Outro detalhe que ajudou bastante a alavancar a sensação causada pelo Oracular Spectacular é o fato de o disco ter sido lançado em meio à adolescência de muita gente ─ inclusive da minha. O disco marcou uma geração que se via entre a euforia e a dúvida. Oracular Spectacular capturou a essência de quem crescia entre Skins, experimentações, como drogas leves, e confusão emocional intensa. Há nele um otimismo assustado, típico de quem tenta compreender o próprio lugar num futuro incerto. Bootle observa que o álbum mistura liberdade e melancolia, e traduz o rito turbulento da passagem da infância à maturidade.

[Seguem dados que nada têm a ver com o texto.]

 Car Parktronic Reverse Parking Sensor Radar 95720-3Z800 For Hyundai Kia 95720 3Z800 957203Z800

É bem possível que todos nós tenhamos vivido algo parecido com o que o disco evoca: uma bebedeira antes da conclusão do ensino médio ─ quando nem sequer existiam filtros do Instagram ─, o carro dos pais de algum amigo subindo o morro, enquanto olhávamos as luzes da cidade do alto, com a distinta sensação de que o tempo estava passando.
Kids, talvez o hino mais emblemático daquelas noites, dava a impressão de que havíamos acabado de subir ao palco de um grande festival de música. Seu refrão — um amontoado hipnótico de "duh, duh, duh, duh, duuh, duh-duh, duh, duh, duuuuh, duuuuuuuuuuh" — era gritado aos berros em qualquer festa. Era um call to arms imaturo e irresistível. Com sua batida incessante, repetitiva e agressiva, a melodia sintetizada de Kids nos levou à adolescência adentro e deu à rebeldia um toque de inocência: os gritinhos de fundo pareciam traduzir nossas próprias emoções turbulentas em ebulição.

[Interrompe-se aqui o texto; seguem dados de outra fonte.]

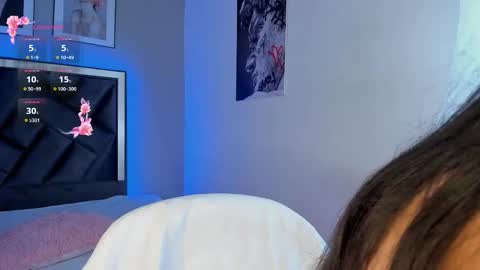 miajones blowjob online show from 12, 3, 2026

Mas Oracular Spectacular não se sustenta apenas em Kids diante dos Millennials. O terceiro e último single do álbum, e também o mais conhecido, capturou toda a essência jovem e bem-humorada, ainda que intensamente nostálgica, no que se tornou um dos maiores refrões dos anos 2000. A juventude vaza por cada faixa, por cada detalhe do som.
Time to Pretend, possivelmente a faixa mais poderosa do disco, é uma abordagem sarcástica dos fantásticos sonhos dos jovens e ingênuos — I'll move to Paris, shoot some heroin and fuck with the stars/You man the island and the cocaine and the elegant cars; The Youth surge mais reservada e melancólica; 4th Dimensional Transition é viajandona e empolgante; já Electric Feel tem um andamento bacana e uma melodia quase hesitante que acaba chamando atenção pela sua confiança, antes de quebrar tudo com sua ferocidade. É uma pedrada das mais pedradas, levando o disco perfeitamente até Kids, rumo a uma pegada mais pantanosa de synths psicodélicos.

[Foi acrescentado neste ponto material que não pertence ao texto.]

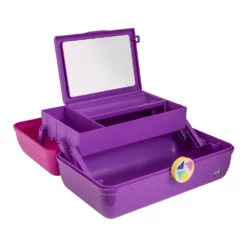 Caboodles On-The-Go-Girl Case -Gearwest shop 3713850 ALT2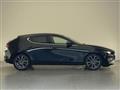 2021 Mazda Mazda3
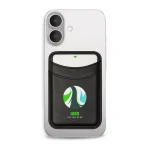 MagSafe Phone PU Wallet Card Holder - Image 2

O emocionado e catártico disco do MGMT — ainda que lhe falte refinamento — nasceu numa época simbólica demais para ser esquecido, afirma Bootle. E, embora seja um retrato de seu tempo, representa também um instante em que a mistura de eletropop e rock alternativo atingiu um equilíbrio raro.
Ouvi Oracular Spectacular repetidas vezes, nas madrugadas em que tentava desenhar o futuro, cercado de gente especial, entre risadas e devaneios. Era um som eletronicamente animado em uma época sensível de muitas emoções. Era um olhar para o futuro sem perder de vista o passado.
Kids nos lembrava de sermos inconsequentes. O disco representou a juventude dos millennials. Mas, como toda boa obra, continuará a representar outros tempos, outras dimensões. Oracular Spectacular é, no fim, sobre se deixar levar: mergulhar de cabeça em uma experiência, seja ela hoje, há dez anos, ou em algum futuro que ainda inventaremos.